L’homme d’affaires burkinabé Arouna Nikiema a été longuement interpellé à l’aéroport de bangui, capitale de la Centrafrique, le 25 septembre, à l’atterrissage du vol Asky en provenance de Lomé.

 Accueilli à sa descente d’avion par une procédure arbitraire d’expulsion, le patron de la société de convoyage de fonds Burval Afrique, également co-propriétaire de la la société de sécurité Croisement en Centrafrique (1 000 emplois ), a été retenu de longues heures par la police des frontières, insensible aux interventions du consul du Burkina Faso.

 Selon les informations, les pandores  avaient reçu un ordre personnel provenant d’un ministre conseiller à la présidence. Détenteur d’un passeport diplomatique, Arouna Nikiema ne devra sa non expulsion qu’à l’intervention du ministre d’État, ministre de la justice,  Arnaud Abazene DJOUBAYE, fin connaisseur des us et coutumes de la diplomatie. 

Le Garde des Sceaux  ordonnera au deuxième substitut du procureur de la République de se rendre à l’aéroport Bangui M’POKO avec Maître GABA, avocat de Nikiema, aux environs de 22h, pour extraire l’opérateur économique des griffes de la police. 

Au delà du procédé burlesque, c’est surtout le degré de l’arbitraire qui choque dans cette non affaire. Comment un conseiller à la présidence, fut-il ministre, peut-il régler les entrées et sorties de la frontière sur son humeur personnelle ?

Est-ce un avertissement de la part de quelques lobbys souterrains positionnés sur le secteur de la sécurité et qui ont de l’effet sur ledit ministre conseiller ? 

En attendant des clarifications en cours, Arouna Nikiema a reçu les excuses officielles de la République.

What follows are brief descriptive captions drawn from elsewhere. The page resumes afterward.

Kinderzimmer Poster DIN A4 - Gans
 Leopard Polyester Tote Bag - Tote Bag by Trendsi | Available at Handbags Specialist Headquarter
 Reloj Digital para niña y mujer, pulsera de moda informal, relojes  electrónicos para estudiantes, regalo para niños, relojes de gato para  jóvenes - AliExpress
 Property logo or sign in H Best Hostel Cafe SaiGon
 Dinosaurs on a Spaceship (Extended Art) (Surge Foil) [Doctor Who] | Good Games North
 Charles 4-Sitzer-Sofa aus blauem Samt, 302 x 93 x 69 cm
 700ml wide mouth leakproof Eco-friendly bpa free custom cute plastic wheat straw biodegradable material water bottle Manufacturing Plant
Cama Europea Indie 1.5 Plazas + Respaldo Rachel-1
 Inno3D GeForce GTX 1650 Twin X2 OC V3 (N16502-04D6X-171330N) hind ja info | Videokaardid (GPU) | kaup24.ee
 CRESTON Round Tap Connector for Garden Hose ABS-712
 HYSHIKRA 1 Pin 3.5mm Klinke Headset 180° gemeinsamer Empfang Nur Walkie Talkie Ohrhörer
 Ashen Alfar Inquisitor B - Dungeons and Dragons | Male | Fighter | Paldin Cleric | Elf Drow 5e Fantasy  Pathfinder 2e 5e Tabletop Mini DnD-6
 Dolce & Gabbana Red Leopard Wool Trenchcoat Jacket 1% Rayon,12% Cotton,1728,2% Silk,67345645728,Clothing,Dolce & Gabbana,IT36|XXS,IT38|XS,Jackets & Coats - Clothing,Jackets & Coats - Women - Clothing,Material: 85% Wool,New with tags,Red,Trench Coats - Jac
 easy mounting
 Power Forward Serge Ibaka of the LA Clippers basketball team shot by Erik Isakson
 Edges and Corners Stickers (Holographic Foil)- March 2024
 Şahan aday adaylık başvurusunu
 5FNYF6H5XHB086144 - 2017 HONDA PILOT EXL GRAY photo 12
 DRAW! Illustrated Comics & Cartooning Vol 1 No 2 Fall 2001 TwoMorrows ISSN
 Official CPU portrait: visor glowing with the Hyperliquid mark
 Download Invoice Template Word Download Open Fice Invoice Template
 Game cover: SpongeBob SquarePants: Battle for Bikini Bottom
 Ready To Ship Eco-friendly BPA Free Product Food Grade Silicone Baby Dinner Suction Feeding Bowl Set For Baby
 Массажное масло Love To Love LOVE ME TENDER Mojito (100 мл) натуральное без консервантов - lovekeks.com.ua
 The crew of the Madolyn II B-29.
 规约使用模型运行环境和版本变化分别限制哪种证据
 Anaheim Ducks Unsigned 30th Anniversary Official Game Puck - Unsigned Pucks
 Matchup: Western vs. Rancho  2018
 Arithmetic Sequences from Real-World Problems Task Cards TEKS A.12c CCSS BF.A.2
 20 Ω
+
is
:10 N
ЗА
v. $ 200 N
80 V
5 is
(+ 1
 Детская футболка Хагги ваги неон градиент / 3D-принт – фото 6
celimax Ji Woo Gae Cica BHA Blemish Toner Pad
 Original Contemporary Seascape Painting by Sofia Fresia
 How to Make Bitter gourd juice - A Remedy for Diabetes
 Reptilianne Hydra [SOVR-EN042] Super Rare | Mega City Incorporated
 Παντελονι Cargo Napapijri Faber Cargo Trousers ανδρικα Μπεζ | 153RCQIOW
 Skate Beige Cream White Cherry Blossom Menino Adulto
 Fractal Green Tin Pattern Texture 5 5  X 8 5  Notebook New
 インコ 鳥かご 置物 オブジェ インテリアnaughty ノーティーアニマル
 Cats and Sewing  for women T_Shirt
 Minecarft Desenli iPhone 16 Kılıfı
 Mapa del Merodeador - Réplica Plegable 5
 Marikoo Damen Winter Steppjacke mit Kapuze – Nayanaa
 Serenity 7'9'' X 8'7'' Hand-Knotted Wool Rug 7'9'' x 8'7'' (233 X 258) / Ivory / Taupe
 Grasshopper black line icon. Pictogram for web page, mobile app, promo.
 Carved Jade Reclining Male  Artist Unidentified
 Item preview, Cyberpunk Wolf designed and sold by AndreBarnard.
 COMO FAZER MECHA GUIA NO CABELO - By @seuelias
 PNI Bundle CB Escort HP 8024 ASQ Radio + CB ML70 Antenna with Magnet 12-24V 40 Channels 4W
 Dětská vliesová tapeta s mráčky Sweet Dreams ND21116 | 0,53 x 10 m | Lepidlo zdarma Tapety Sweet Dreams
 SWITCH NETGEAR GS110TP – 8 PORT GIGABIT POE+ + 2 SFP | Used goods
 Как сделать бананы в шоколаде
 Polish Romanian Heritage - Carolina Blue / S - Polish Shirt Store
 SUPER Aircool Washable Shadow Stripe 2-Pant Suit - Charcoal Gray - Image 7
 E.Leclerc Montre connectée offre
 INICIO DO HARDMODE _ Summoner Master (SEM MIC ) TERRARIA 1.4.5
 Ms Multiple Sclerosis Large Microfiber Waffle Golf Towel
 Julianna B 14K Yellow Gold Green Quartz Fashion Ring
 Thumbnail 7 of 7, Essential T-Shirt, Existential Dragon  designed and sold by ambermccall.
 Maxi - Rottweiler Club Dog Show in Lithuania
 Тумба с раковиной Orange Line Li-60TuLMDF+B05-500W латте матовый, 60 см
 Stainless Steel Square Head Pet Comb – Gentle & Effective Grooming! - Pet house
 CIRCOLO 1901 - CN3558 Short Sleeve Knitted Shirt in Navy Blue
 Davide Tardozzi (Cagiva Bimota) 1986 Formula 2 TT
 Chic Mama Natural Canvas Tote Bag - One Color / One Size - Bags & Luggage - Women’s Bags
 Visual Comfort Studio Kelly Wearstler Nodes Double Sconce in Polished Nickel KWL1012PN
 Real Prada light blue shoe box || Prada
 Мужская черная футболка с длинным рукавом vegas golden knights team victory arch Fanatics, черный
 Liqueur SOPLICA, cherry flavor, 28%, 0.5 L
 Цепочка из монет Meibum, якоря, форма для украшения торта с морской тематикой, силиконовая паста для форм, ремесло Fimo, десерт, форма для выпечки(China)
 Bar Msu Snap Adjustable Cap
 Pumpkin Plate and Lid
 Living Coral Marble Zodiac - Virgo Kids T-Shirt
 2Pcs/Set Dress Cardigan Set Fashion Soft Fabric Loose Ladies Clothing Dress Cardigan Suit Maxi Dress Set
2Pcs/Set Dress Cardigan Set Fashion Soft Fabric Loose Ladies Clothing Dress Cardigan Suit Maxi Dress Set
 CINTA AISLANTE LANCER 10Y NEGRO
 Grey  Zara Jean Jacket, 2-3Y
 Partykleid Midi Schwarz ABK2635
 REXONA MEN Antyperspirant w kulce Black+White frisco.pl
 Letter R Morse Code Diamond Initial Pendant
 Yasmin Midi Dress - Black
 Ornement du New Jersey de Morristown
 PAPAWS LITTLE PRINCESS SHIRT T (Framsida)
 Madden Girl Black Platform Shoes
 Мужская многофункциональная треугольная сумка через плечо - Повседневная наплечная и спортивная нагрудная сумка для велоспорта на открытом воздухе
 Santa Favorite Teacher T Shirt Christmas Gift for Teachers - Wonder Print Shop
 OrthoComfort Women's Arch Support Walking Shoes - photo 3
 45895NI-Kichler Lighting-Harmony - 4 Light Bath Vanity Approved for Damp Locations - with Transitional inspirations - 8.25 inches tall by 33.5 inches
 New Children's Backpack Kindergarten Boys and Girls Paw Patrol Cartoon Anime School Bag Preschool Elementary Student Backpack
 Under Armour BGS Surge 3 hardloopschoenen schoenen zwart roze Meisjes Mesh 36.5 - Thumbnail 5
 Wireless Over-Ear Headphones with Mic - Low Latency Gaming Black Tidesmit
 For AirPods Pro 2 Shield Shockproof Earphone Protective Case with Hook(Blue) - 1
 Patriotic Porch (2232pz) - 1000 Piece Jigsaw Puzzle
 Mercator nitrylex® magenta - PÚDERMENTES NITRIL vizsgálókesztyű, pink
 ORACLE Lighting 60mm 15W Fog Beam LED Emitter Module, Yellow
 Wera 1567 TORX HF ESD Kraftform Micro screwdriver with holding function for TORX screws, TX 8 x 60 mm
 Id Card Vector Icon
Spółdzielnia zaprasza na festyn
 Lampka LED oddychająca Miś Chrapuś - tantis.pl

Reçu par le Premier ministre (photo), l’homme d’affaires se dit plus que jamais engagé dans ses projets en RCA.

Pour rappel, en juillet dernier, Croisement SA a obtenu le renouvellement de son contrat de protection des infrastructures de la Mission des Nations Unies pour la Centrafrique (MINUSCA). L’entreprise de Arouna Nikiema va donc continuer à assurer des missions de gardiennage non armé pour un marché estimé à 7 millions de dollars.

Fondé en 2015, Croisement – qui assure également la sécurité de TotalEnergie en RCA- est dirigé par Christian Perrière, un cadre français. Le conseil d’administration est présidé par Arouna Nikiéma, ancien juriste d’affaires qui a fondé à Ouagadougou en 1996 la Brigade burkinabè de surveillance (BBS), une holding spécialisée sur la sécurité privée,  le convoyage de fonds et la sûreté, à travers sa filiale centrafricaine Croisement et ses entités burkinabè BBS First Security, Burval et Bureau Suretas.

Pour faire fructifier ses activités dans plusieurs pays du continent – Burkina, Mali, Guinée, Côte d’Ivoire, Togo -, Arouna Nikiéma s’appuie sur ses influents réseaux qui reposent notamment, rapportent Africa Intelligence et Wakat Sera, sur ses fonctions de président de la Confédération africaine des activités privées de sécurité (CAAPS).